Но я боролся за зрение со всей своей изворотливостью, и так же боролись за это и в Москве. Я не могу писать, как удалось мне добиться успеха, но неожиданно в конце апреля 1928 г. разразился гром среди ясного неба. Пришла бумажка:

«Заключенного Солоневича, Б. Л. направить в Ленинград, в тюремную больницу имени д-ра Гааза»…

И вот, как-то вечером мне объявили, что рано утром я на лодке отправляюсь на материк…

Пароходное сообщение между Соловками и материком поддерживается только около 6 месяцев в году. Остальное время гавани замерзают, и около острова образуется полоса льда в 3–4 километра шириной. Само море целиком не замерзает, и в хорошие дни на лодке можно проскочить, хотя и с большим риском, в Кемь. И вот, единственным пассажиром такой лодки в апреле 1928 года оказался я.

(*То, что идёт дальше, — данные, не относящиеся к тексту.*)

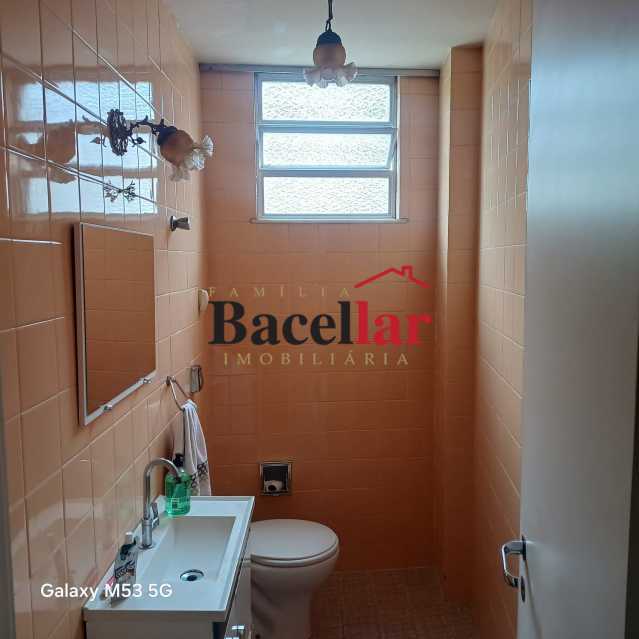 Apartamento, 4 quartos, 130 m² - Foto 17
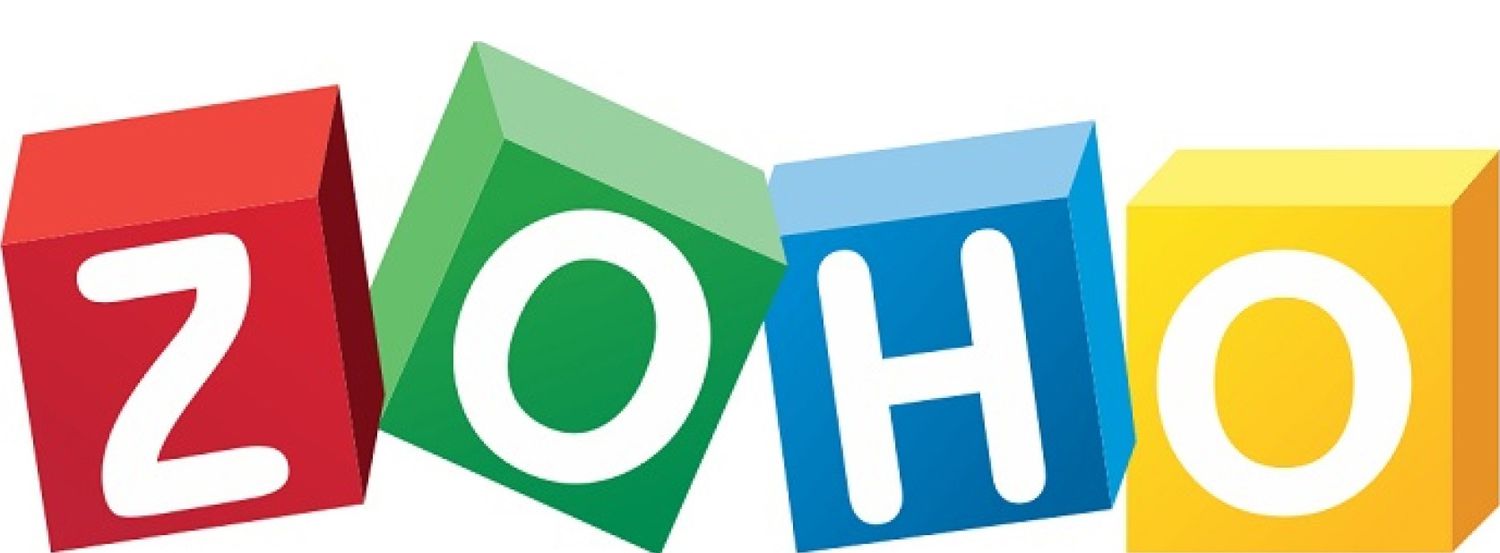 Zoho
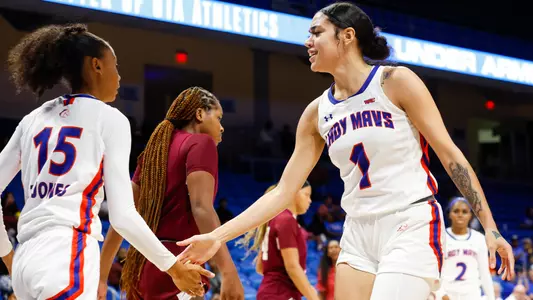 tamuc wbb preview 11-12-22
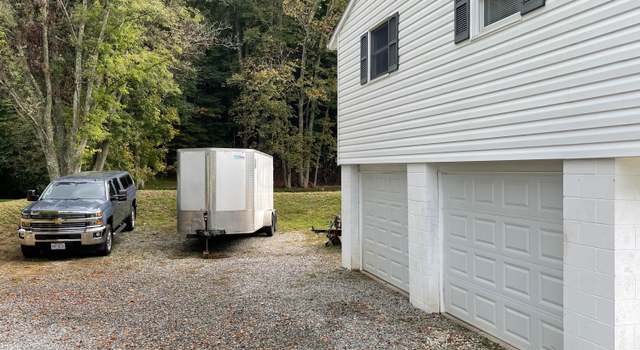 Photo of 10547 Oh-550, Athens, OH 45701
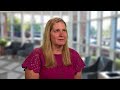Meet Dr. Sara Pierce - Ob/Gyn Care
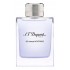 S.T. Dupont 58 Avenue Montaigne Pour Homme фото духи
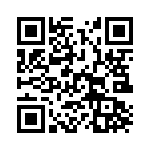RN60D1021FRE6 QRCode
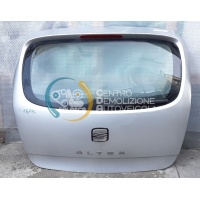 20230203-000008_1-3088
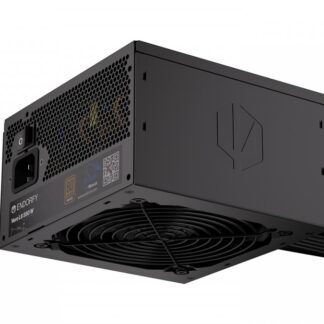 Power supply Vero L6 550W 80 Plus Bronze Power supply Vero L6 550W 80 Plus Bronze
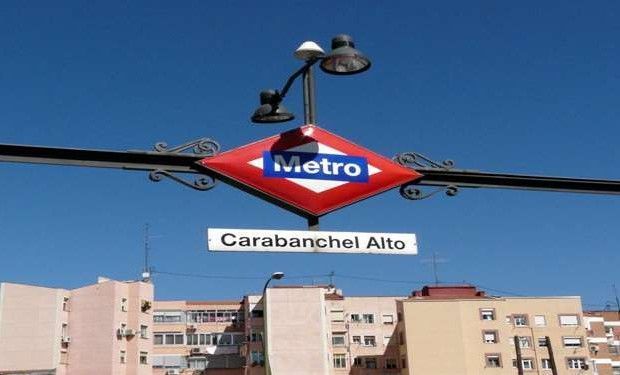 Metro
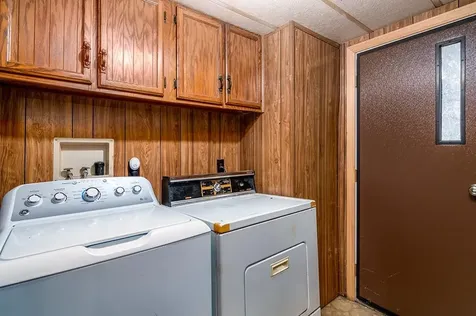 89 Wright Way Coventry RI 02816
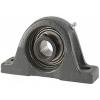 FAFNIR LAK1 15/16 Pillow Block Bearings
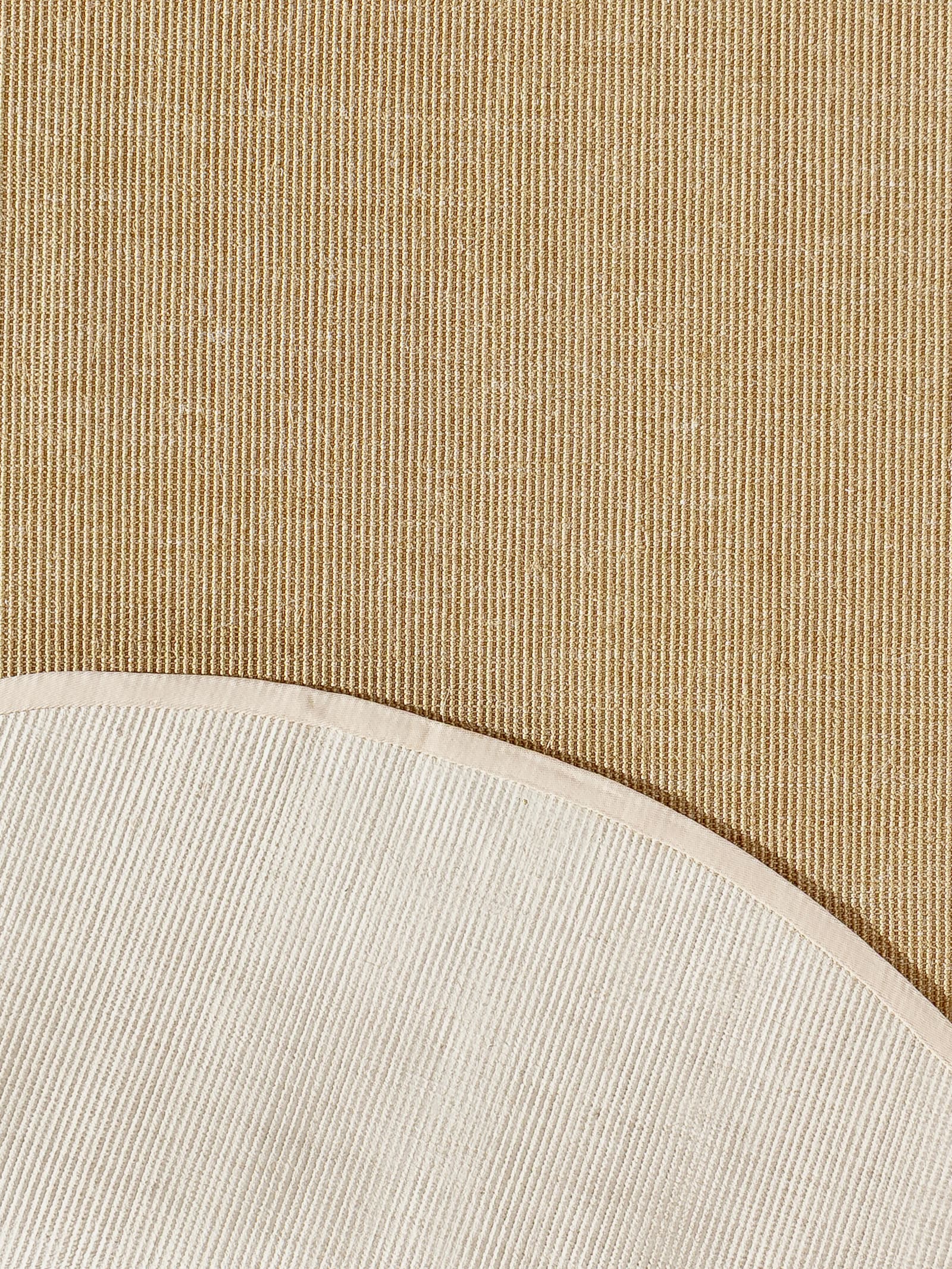 heine home Sisalteppich - natur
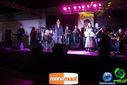 DSC00488.jpg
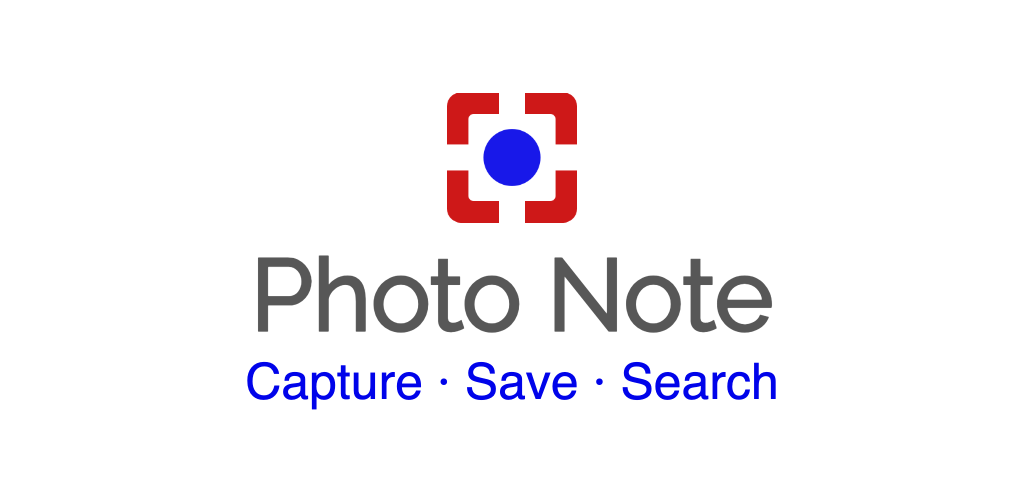 Photo Note gallery image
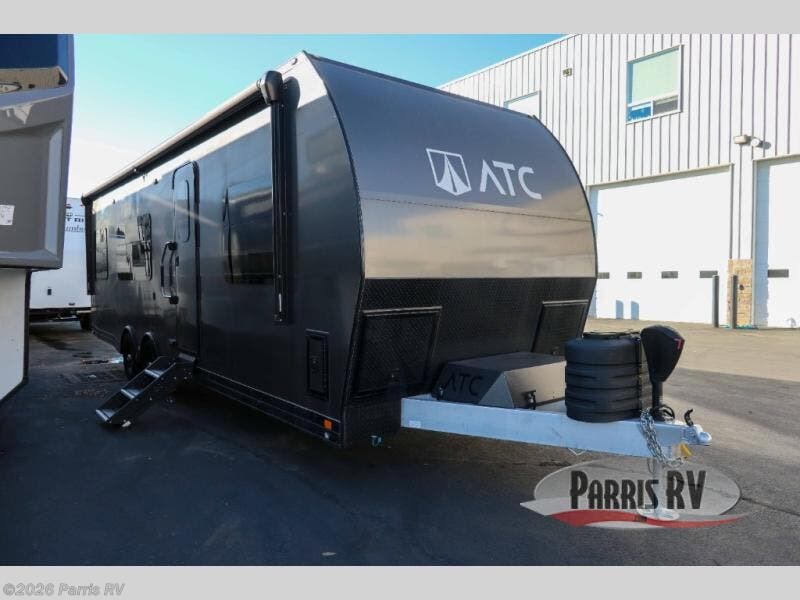 Used 2024 ATC Pla 700 2816 available in Murray, Utah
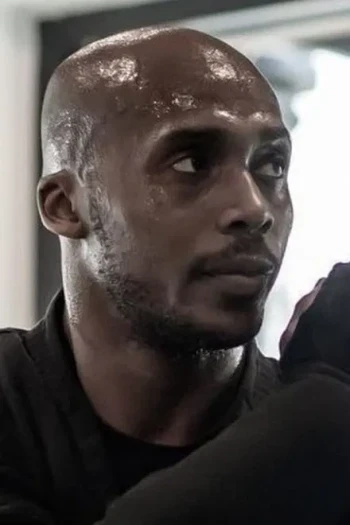 马雷塞·克伦普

Рано утром шел я со своей сумкой, постоянной спутницей моих странствований, дошедшей вместе с хозяином и до Финляндии, по льду к лодке.

День обещал быть тихим и морозным. Солнце где-то уже поднялось, но было скрыто в розовом тумане. Бледно-голубое, какое-то призрачное небо светлело все больше. Мы подошли к краю ледяной каемки и стали грузить вещи на лодку.

Солнце показало, наконец, свой бледно-красный, матовый край над завесой тумана, и дальний монастырь внезапно расцветился мягкими красками. Покрытые инеем и снегом стены Кремля засияли каким-то розовым блеском. Крыши башен темней обрисовались на светлом небе, а громады соборов как-бы поднялись во весь свой величественный рост, доминируя над окружающей картиной…

Мы сели в лодку и оттолкнулись от льда.

Прощай, старый монастырь!.. Много видел я на твоей груди такого, что лучше бы никогда не видеть человеческому глазу…

Прощайте, Соловки, остров пыток и смерти!..

Но тебе, Святая вековая твердыня, тебе — до свиданья… Если, Бог даст, я еще вернусь к тебе — вернусь тогда, когда опять будут сиять твои кресты, гудеть колокола, а о мрачном прошлом напоминать будут только памятники на братских могилах-ямах…

Я приеду склонить свои колена перед памятью жертв, заливших своей кровью и слезами твою грудь и твое святое имя…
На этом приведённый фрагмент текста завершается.